GitOps-Based EKS Cluster Operations

📅 Written: 2025-02-09 | Last Modified: 2026-02-18 | ⏱️ Reading Time: ~6 min

📌 Reference Versions: ArgoCD v2.13+ / v3 (pre-release), EKS Capability for Argo CD (GA), Kubernetes 1.32

Overview

To reliably and scalably operate large-scale EKS clusters, an automated deployment and management strategy following GitOps principles is essential. This document explains how to build production-grade cluster operations environments using ArgoCD, KRO/ACK, and Infrastructure as Code patterns.

Problem Statement

Traditional EKS cluster operations had the following challenges:

  • Environment inconsistencies due to manual configuration
  • Difficulty tracking infrastructure change history
  • Complexity of managing large-scale multi-cluster deployments
  • Lack of deployment validation and rollback processes
  • Insufficient policy compliance automation

This architecture was designed to address these issues.
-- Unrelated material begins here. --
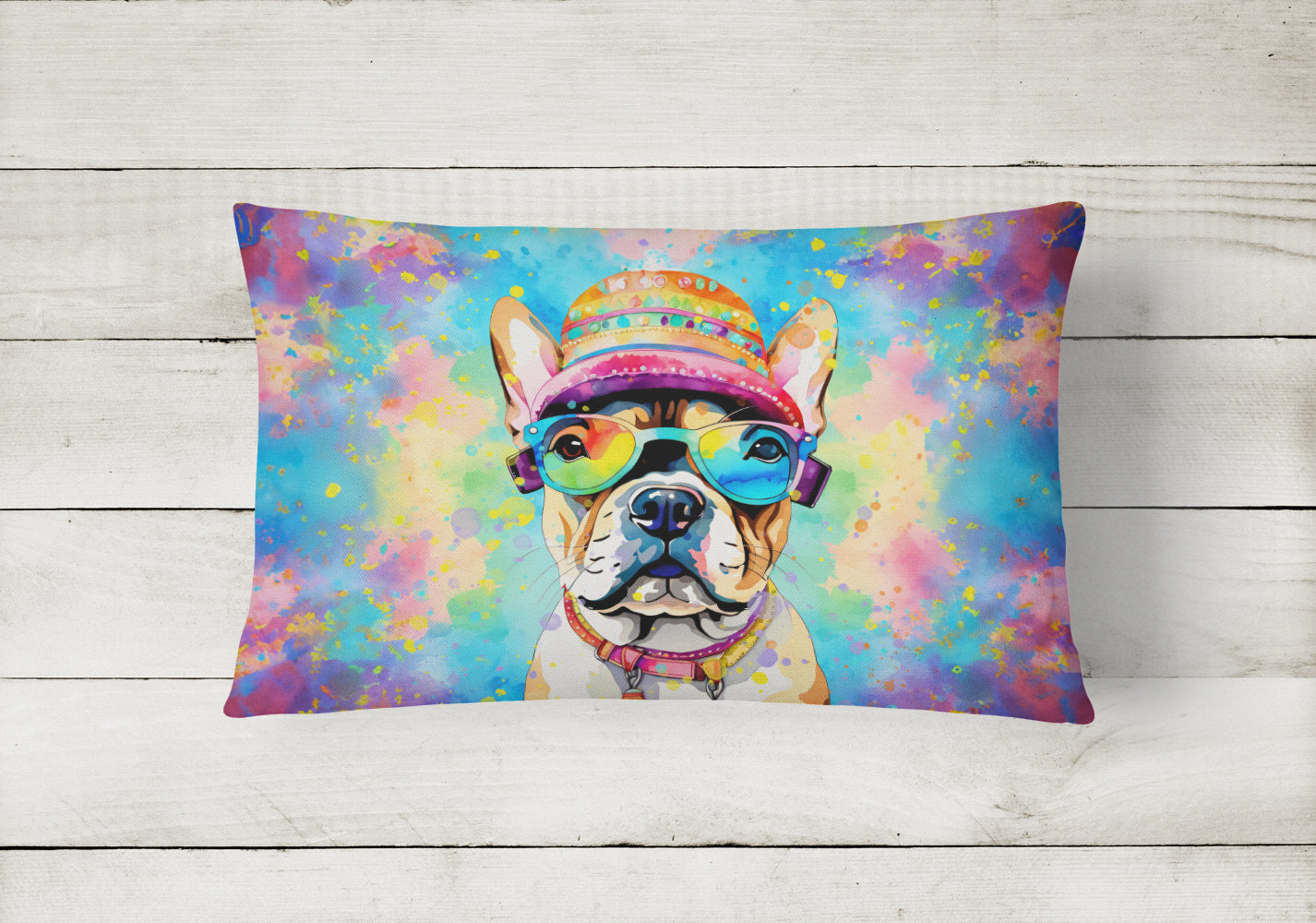 French Bulldog Hippie Dawg Throw Pillow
Technical Considerations and Architecture Summary

Core Recommendations

1. GitOps Platform Selection

  • Multi-cluster management using ArgoCD ApplicationSets
  • Flagger integration for Progressive Delivery
ArgoCD as EKS Capability (re:Invent 2025)

ArgoCD is available as an EKS Capability. Unlike traditional EKS Add-ons, EKS Capabilities run outside your worker nodes in AWS-managed accounts, with AWS fully managing installation, upgrades, scaling, and HA. You can activate it from the Capabilities tab in the EKS console or via AWS CLI/API.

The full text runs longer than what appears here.